An acceptable response holds only the line containing "Mekanika Rekayasa (Ed. 1, Cet. 1)" and every line after it to the end of the records, each reproduced exactly.

☆ ☆ ☆

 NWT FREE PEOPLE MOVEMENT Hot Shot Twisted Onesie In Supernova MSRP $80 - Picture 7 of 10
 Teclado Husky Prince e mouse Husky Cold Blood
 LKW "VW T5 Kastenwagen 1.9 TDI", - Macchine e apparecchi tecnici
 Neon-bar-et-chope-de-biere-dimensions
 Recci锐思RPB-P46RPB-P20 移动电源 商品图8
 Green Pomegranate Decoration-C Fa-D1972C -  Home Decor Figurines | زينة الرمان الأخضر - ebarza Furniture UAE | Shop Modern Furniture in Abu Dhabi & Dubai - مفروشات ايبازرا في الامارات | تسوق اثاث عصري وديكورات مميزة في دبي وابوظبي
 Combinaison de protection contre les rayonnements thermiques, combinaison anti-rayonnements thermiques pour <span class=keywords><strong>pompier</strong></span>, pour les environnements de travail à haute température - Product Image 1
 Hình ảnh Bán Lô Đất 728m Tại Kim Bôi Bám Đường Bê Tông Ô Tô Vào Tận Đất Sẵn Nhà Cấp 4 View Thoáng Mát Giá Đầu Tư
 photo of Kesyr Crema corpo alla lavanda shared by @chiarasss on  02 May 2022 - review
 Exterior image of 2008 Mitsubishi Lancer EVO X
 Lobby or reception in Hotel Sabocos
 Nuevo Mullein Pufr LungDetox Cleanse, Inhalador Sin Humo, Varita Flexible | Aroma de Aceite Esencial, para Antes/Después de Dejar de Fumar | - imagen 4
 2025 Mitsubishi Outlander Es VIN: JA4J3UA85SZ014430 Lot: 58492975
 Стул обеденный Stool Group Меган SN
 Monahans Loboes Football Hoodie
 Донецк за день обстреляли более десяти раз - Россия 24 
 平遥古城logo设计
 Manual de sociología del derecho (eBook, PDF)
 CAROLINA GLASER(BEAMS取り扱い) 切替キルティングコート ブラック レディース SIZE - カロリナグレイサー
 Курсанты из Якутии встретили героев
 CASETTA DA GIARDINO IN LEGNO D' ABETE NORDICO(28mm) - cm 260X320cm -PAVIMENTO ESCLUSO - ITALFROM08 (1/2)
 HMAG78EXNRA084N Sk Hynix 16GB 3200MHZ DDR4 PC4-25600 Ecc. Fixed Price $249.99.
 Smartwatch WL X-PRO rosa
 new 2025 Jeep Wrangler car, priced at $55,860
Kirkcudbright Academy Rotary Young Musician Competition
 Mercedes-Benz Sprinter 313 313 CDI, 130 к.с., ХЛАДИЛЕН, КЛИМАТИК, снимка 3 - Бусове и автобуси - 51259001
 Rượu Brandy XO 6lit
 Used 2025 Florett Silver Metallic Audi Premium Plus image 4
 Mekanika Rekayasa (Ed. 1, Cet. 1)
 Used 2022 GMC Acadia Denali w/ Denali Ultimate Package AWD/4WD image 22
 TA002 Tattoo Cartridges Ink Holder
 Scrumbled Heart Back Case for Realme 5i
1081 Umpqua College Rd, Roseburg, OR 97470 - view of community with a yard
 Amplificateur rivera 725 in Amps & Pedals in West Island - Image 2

☆ ☆ ☆

● Response area:
 Mekanika Rekayasa (Ed. 1, Cet. 1)
 Used 2022 GMC Acadia Denali w/ Denali Ultimate Package AWD/4WD image 22
 TA002 Tattoo Cartridges Ink Holder
 Scrumbled Heart Back Case for Realme 5i
1081 Umpqua College Rd, Roseburg, OR 97470 - view of community with a yard
 Amplificateur rivera 725 in Amps & Pedals in West Island - Image 2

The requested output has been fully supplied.